# Hey Woody, Tell us a Story



## Tom Borck

I first signed up for Woodys in Jan. of 2002 and then took a break this year.  Since we have a fresh new start I thought I would ask Woody to tell us a story about how this hunting forum got started.

Why did you decide to start this forum?  

Did somebody help you out?

I read through the original posts on the old Woodys and it looked like a bunch of guys you hunted with all signed up and you used it as a memo board for them?  

Did you see an increase in business?  

And of course any other tid bits you might find interesting.

Thanks!


----------



## HT2

*Tb......*

I'm sure the "BOSS" will be happy to tell us again........

Right Woody????


----------



## Dog Hunter

Dang Tom
Have not thought about that, but it would be interesting.


----------



## Jim Thompson

Boss told it a little while before the crash of 04.  He had an attachement also showing his version of teh original campfire that we all have come to know.
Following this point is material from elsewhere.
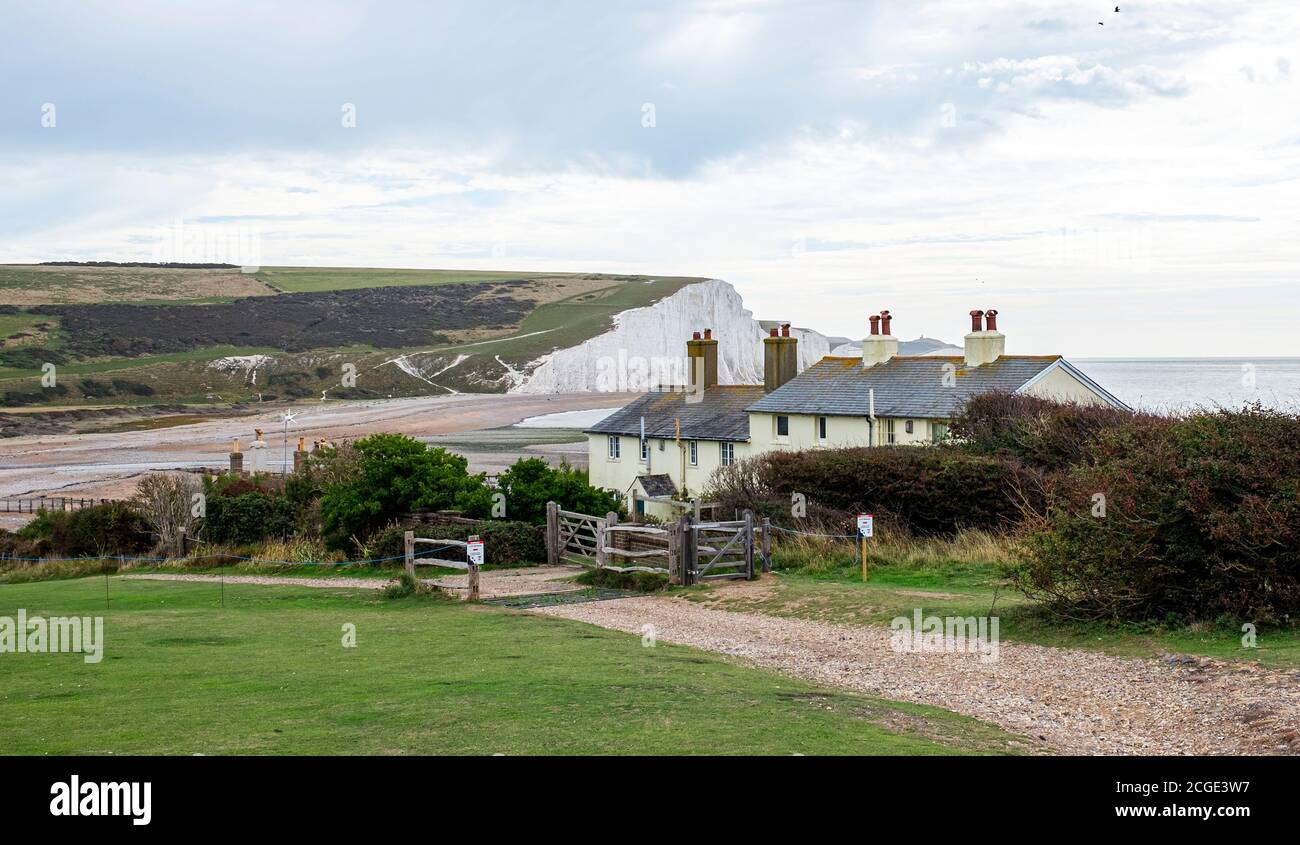 The famous coastguard cottages on the cliffs overlooking Cuckmere Haven at Seaford Head Nature Reserve . The cottages are in danger because of erosion Stock Photo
If I talk with him today I will tell him to cook up a good one for ya

Jim


----------



## dbodkin

Long.. long.. ago....... in a galaxy.. ooppsss... wrong start... Let's hear it Woody


----------



## Jody Hawk

Yeah Woody, let's hear it !!!!!!!


----------



## Glenn

ummmm...There is a valley.....in the black hills in the darkest corner of the blackfeet territory......there are beaver.....as many beaver as stars in sky!

Could not help it this just kind of came out


----------



## Hawg

A long, long time ago........
On a day much like today.......
There was this girl..........
We were in love.........aaahhhhh yes.....Love
She ran off with my best friend


The End


----------



## deerslayer1988

don't forget to add the cartoon drawing to it woody sure was a good story and I'm glad i found your site, thanks again for all you and the staff does to keep it up and running


----------



## cfbutler31

i'd like to hear the story as well, hope woody sees this thread


----------



## Ga-Spur

It  would be interesting but the man might have something better to do.


----------



## HT2

*Uh.......*

Once upon a time......

There wuz a huntin'/fishin' forum.......

And, Uh........I mean Uh.........Well, Uh.......

I'll let Woody take it from there......


----------



## Skipper

This may be a 2 day read as long as it's taking to write it.

 Skipper


----------



## Woody

I'll try to put something together on this tonight. --- Thanks for asking.


----------



## Woody

O.K. Chilluns --- I finally found the original drawing.

(Short Version)

We had so many customers wanting to keep in touch by email -- I finally decided to invest in a computer.

The Forums came a little later when it progressed to the point we needed a place to tell the lies -- uh -- I mean "Stories" about how successful we were at hunting. 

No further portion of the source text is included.